[EXTRACTED MATERIAL Boundary: Start]
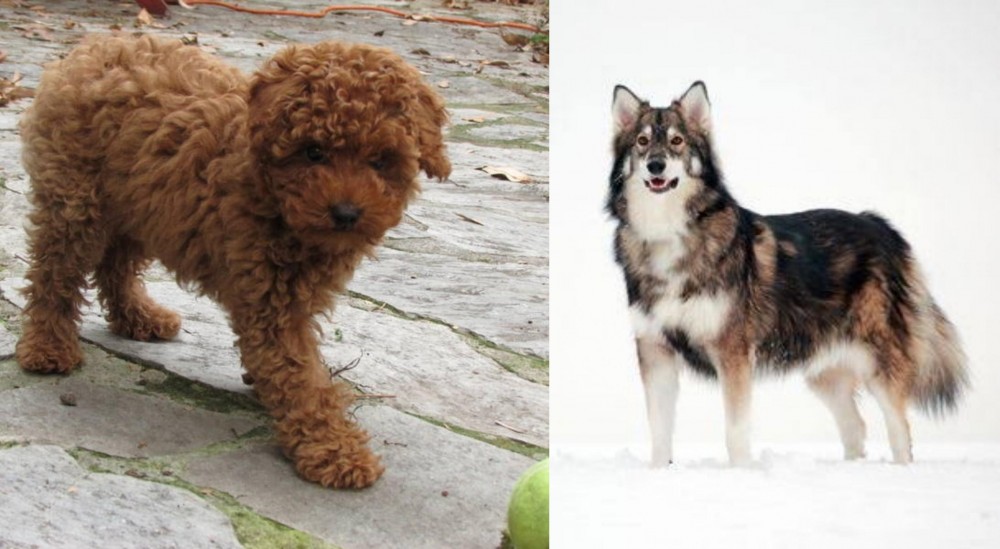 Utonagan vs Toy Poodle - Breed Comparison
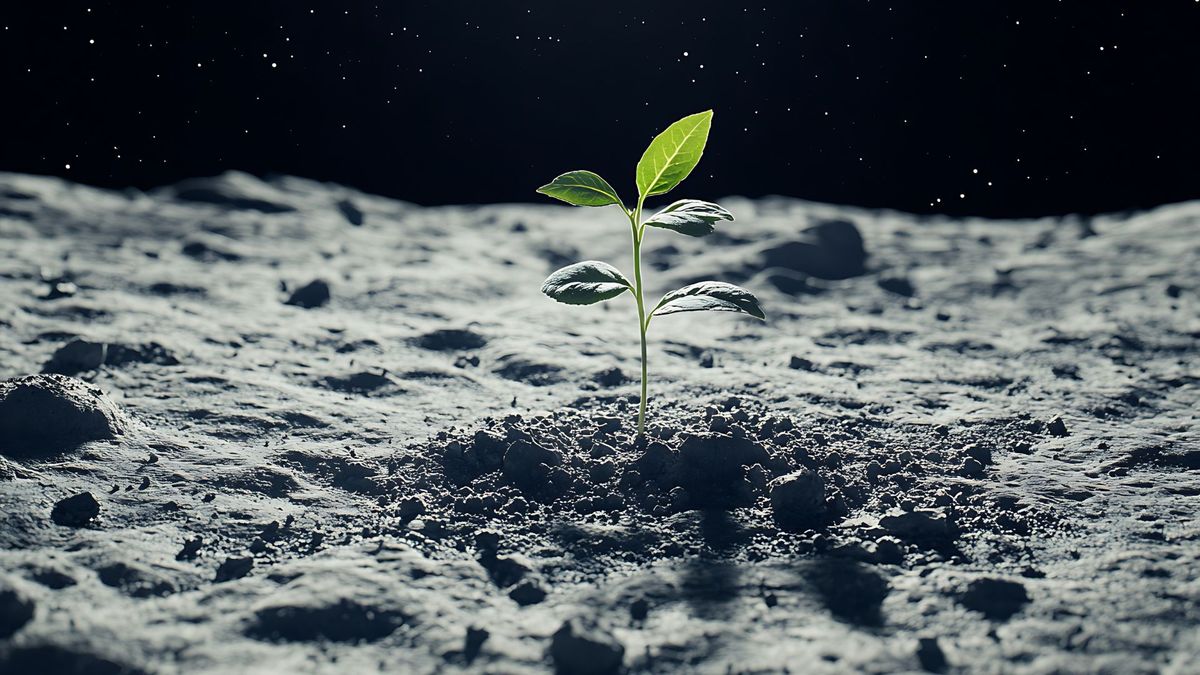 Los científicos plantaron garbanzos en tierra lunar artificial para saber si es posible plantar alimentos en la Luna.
[EXTRACTED MATERIAL Boundary: End]
[EXTRACTED MATERIAL Boundary: Start]
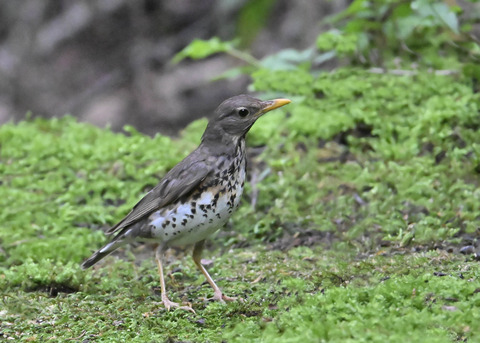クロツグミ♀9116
[EXTRACTED MATERIAL Boundary: End]
WHAT YOU WILL DO.
In the listing above, find the line with "Utonagan vs Toy Poodle - Breed Comparison" and the line with "Los científicos plantaron". Copy exactly those lines and all between them, minus the images.

RESULT OF THE TASK.
 Utonagan vs Toy Poodle - Breed Comparison
 Los científicos plantaron garbanzos en tierra lunar artificial para saber si es posible plantar alimentos en la Luna.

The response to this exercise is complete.